Jocker was an entertaining companion, Jim found, and a smart one too, despite his lack of formal education. He read any old newspaper he could find, every word—“the poor man’s university, don’t you forget it”—and he knew a little about every part of America, it seemed. At least he always had a comment when some hobo spun a story by a flickering fire about some town he’d visited. “Buffalo, you say? I was there with a couple of gents called Captain Silverheels and the Gray Spats Kid. Wouldn’t give you a plug nickel for Buffalo—too cold. They don’t like us knights of the road there either. That famous writer Jack London, he was in jail in Buffalo a whole month. He was a road boy like Jim here. He saw how bad the jail cons were treated in Buffalo and it turned on a light in his head, they say. Ever after, he championed poor folks.”

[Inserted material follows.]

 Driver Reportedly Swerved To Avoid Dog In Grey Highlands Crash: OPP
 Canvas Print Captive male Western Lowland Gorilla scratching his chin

Finally they grew tired of road life, and decided between themselves that they should settle down again. They chose California, and specifically Los Angeles, because of the climate. By now Jim was growing taller, and there was very little of master and slave left in their relationship. They were friends, partners, surrogate father and son.

In Los Angeles, Jim found this or that job to help pay rent and buy food. He was industrious and smart, and he seldom lacked for work. Jocker worked when he could, but his arthritis was beginning to cripple him badly, so Jim worked that much harder. He was hugely fond of Jocker now; except for the fact that Jocker wasn’t his real father, Jim loved the old tramp almost as much as he’d loved Mack before Mack turned on him. Of his mother, Jim thought very little; he had seen newspaper photographs of her, he knew she was beautiful, a society lady, and was still living somewhere in California. But Mack had made clear that Jim’s mother had abandoned them for her own pursuits, and her own reasons, and to Jim, she was a remote, cold being, almost like a marble statue in a museum. That was mostly imagination, of course, because he’d never been inside a museum, only read of them; Jocker preferred pool parlors.